------ THE INPUT

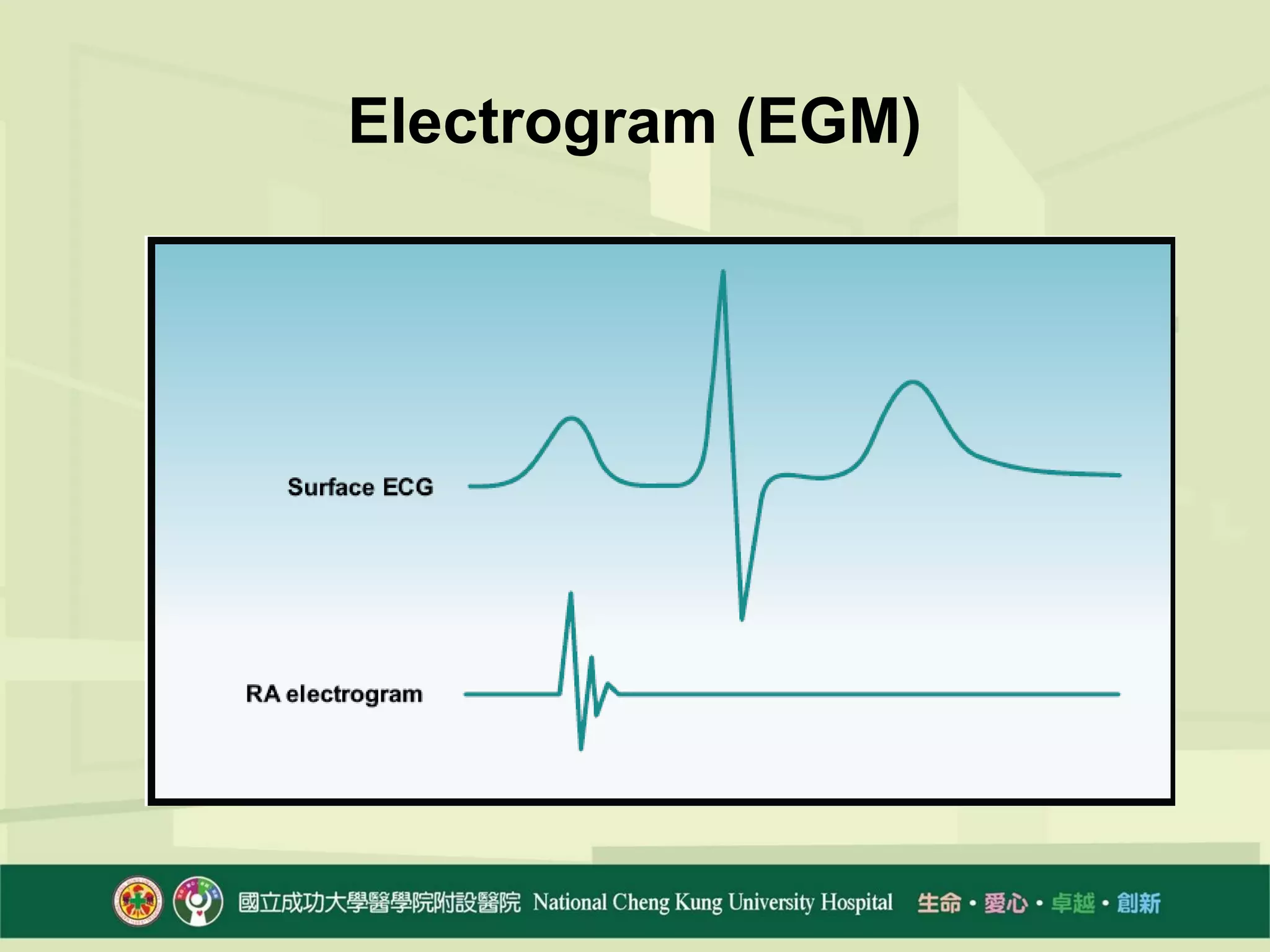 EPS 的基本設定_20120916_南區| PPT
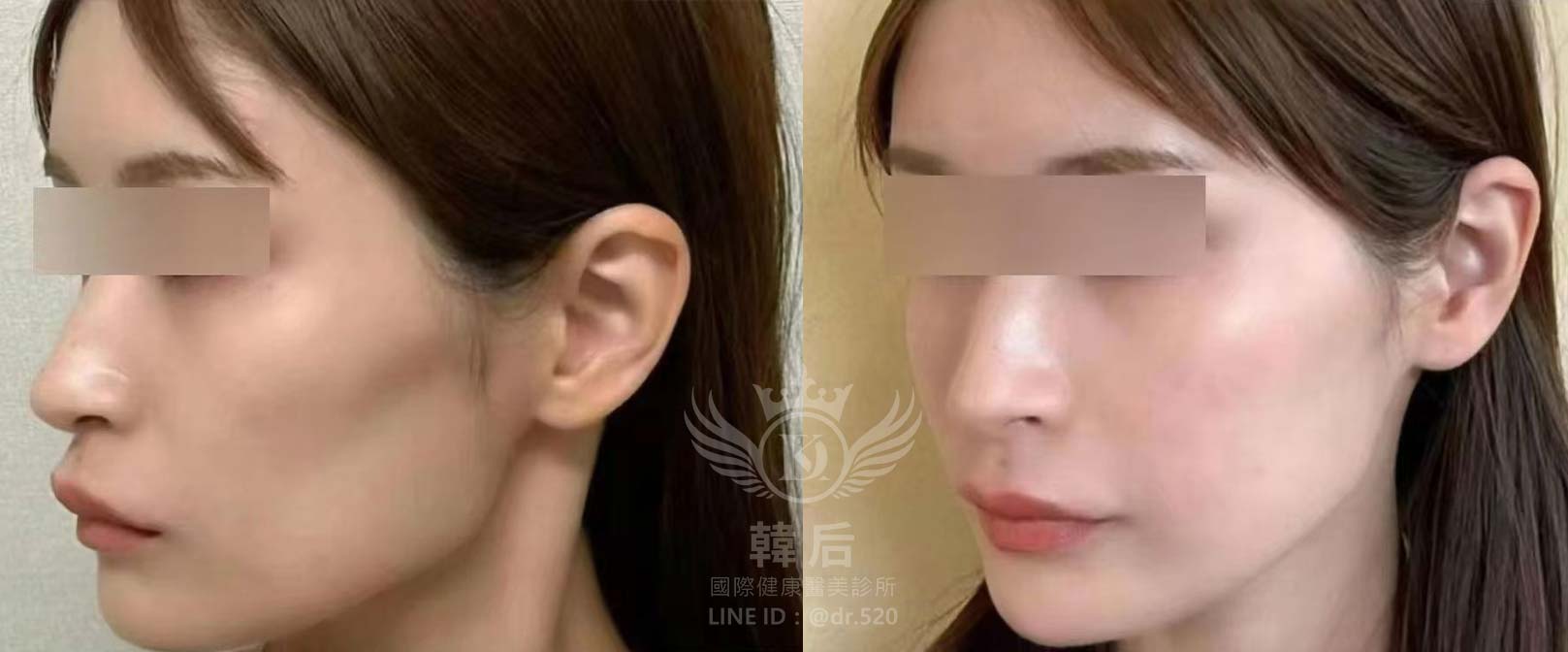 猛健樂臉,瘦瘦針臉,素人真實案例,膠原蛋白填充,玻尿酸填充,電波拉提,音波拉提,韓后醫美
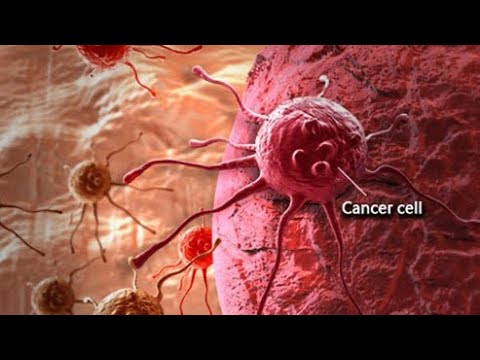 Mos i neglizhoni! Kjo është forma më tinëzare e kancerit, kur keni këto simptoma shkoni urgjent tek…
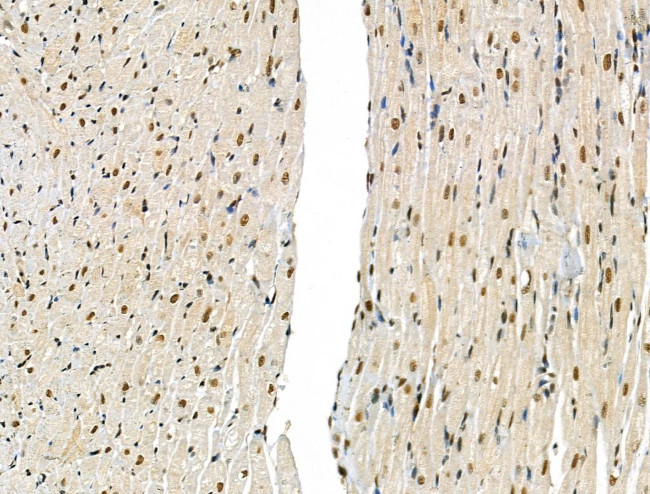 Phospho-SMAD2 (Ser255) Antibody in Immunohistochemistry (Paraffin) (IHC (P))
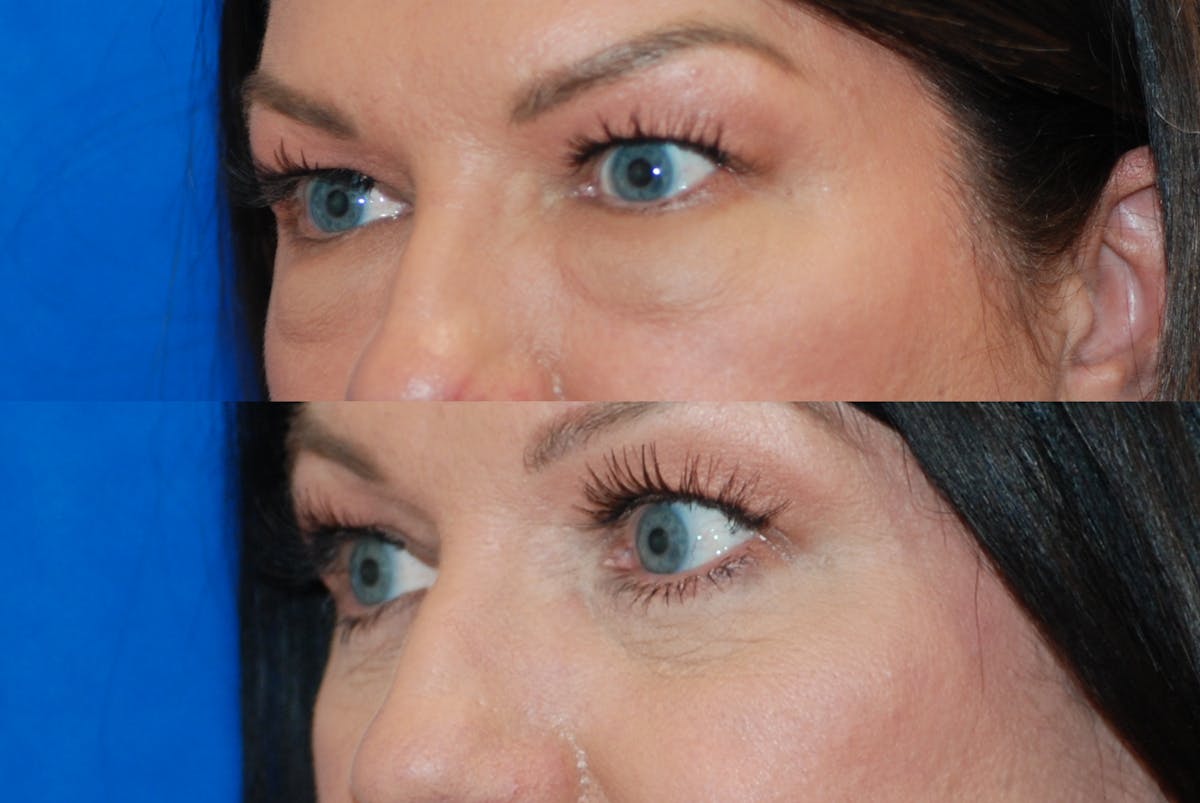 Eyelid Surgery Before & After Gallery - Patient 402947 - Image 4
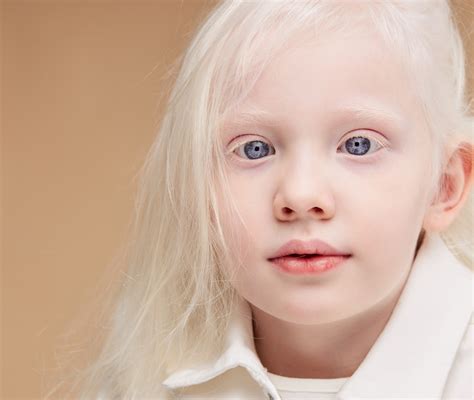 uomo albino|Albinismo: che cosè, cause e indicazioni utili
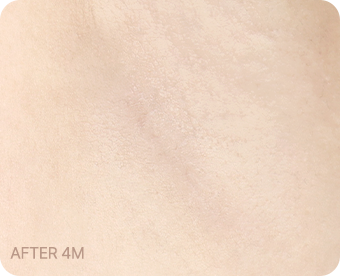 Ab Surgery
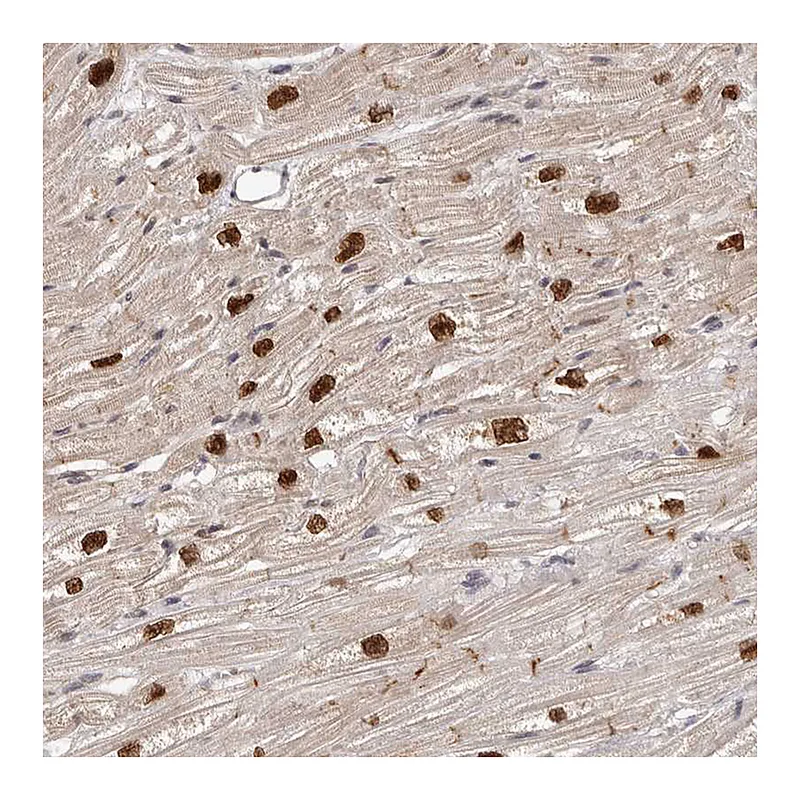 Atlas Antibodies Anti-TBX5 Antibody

------------

▸ **WHAT YOU WILL DO**: Starting at the line above that has "猛健樂臉,瘦瘦針臉,素人真實" and ending at the line that has "Eyelid Surgery Before", copy each line exactly, leaving the pictures out and adding nothing.

▸ **RESPONSE TO THIS EXERCISE**:
 猛健樂臉,瘦瘦針臉,素人真實案例,膠原蛋白填充,玻尿酸填充,電波拉提,音波拉提,韓后醫美
 Mos i neglizhoni! Kjo është forma më tinëzare e kancerit, kur keni këto simptoma shkoni urgjent tek…
 Phospho-SMAD2 (Ser255) Antibody in Immunohistochemistry (Paraffin) (IHC (P))
 Eyelid Surgery Before & After Gallery - Patient 402947 - Image 4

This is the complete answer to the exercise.